Property C has two partners, Operator and Finance

Property C has a single tenant and NOI of $15 million in year one. The building is purchased for cash at a cap rate of 6%. The operator invests 15% of the purchase price and finance partner invests the remainder. From any operating cash flow, the partners agree that the finance partner will have a preferred payout of 6%, simple interest. The operator will then receive 6% from operating cash flow. If there is any excess cash flow it will be held as a reserve to fund any operating deficits or capital needs. If a reserve still exists at the end of the transaction it will be added to the sales proceeds and distributed.

Upon sale, the finance partner receives a preferred return of all invested capital and 6% annual, simple interest, to the extent it has not yet been paid. Next, the operating partner receives a return of all invested capital and 6% annual, simple interest, to the extent it has not yet been paid. The operating partner then receives 2x its pro rata share of any available excess proceeds and the finance partner receives the balance.

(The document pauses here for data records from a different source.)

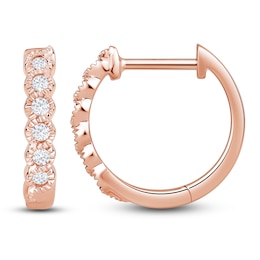 Diamond Hoop Earrings 1/8 ct tw Round 10K Rose Gold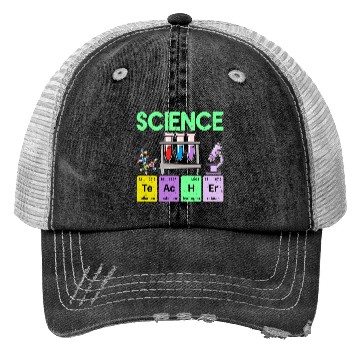 Discover Science Teacher Periodic Table Elements Chemistry Trucker Hats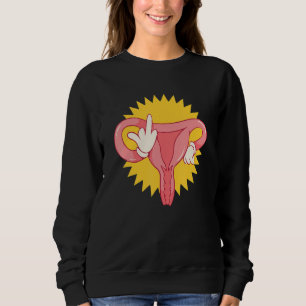 Sudadera Mi útero grosero dando la vuelta dedo medio femini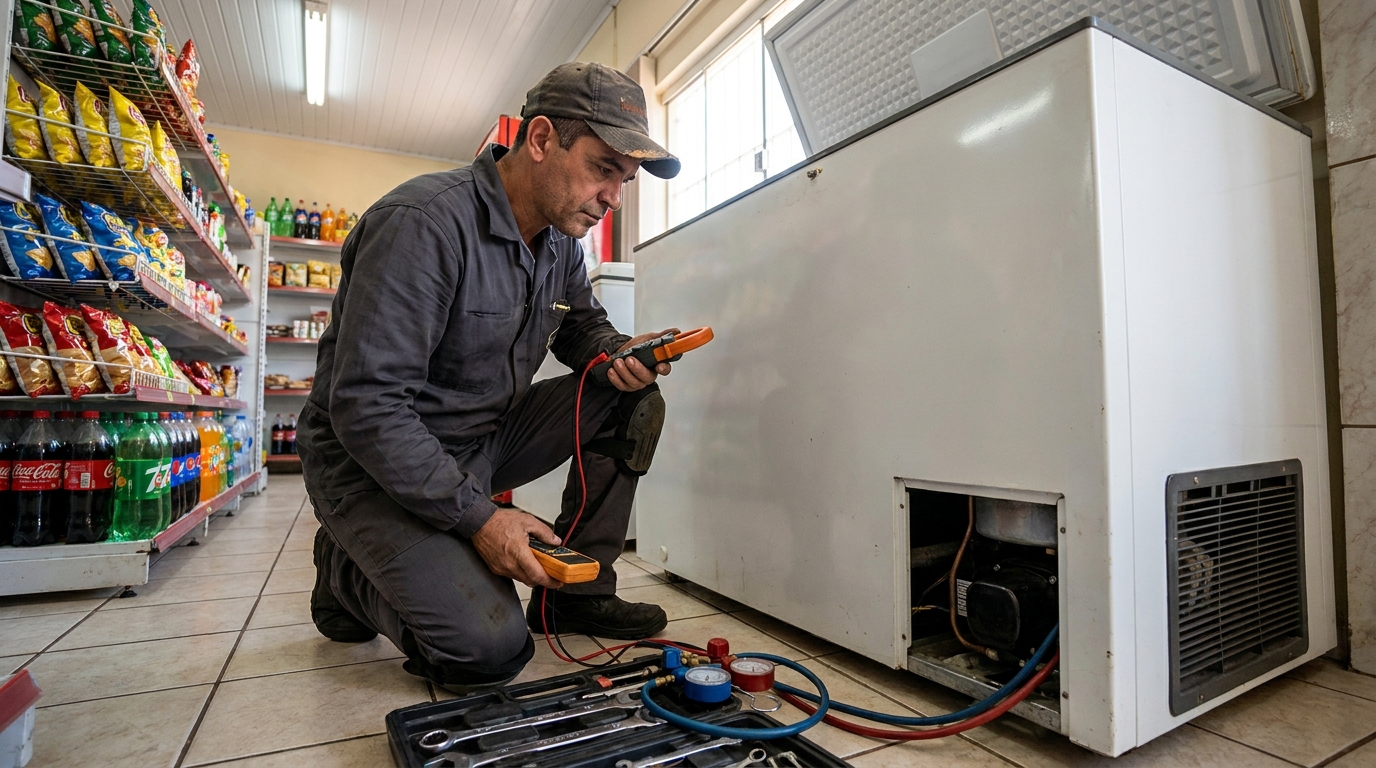 Reparo na placa eletrônica do freezer em Belém‑PA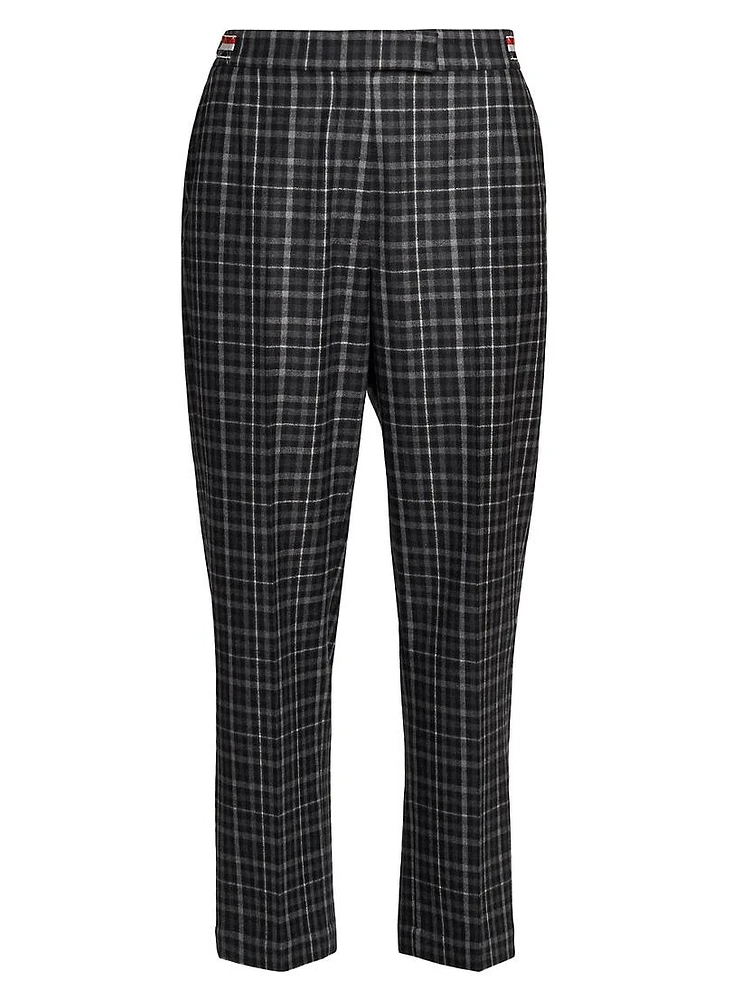 Gingham Wool Side-Tab Trousers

The partners agree to fund any operating deficits or required capital pro rata to their initial

investments. If necessary, such new investments will be added to each partners "investment" balance and will then become subject to all the provisions of the waterfall described above on a going forward basis. Property NOI will increase to $20 million in year three. The next year, sadly, the tenant fails. In year four, no rent is received and expenses for the empty building are $3 million. Happily, a new tenant is quickly found. The new lease requires an investment of $5 million in year 4 to fix up the building. The partners agree.

On the first day of year five, the new tenant starts a new long-term lease that will result in $10 million in annual NOI. In each of the next two years, the NOI will increase by $1 million per year. The building is sold in year seven at a cap rate of 5%. Assume all amounts are passed to partners pre-tax.

Question 12 How much will the Operating Partner receive prior to the sale?

Question 13 How much will the Operating Partner receive from the sale?

Question 14. How much will the Finance Partner receive prior to the sale?

Question 15. How much will the Finance Partner receive from the sale?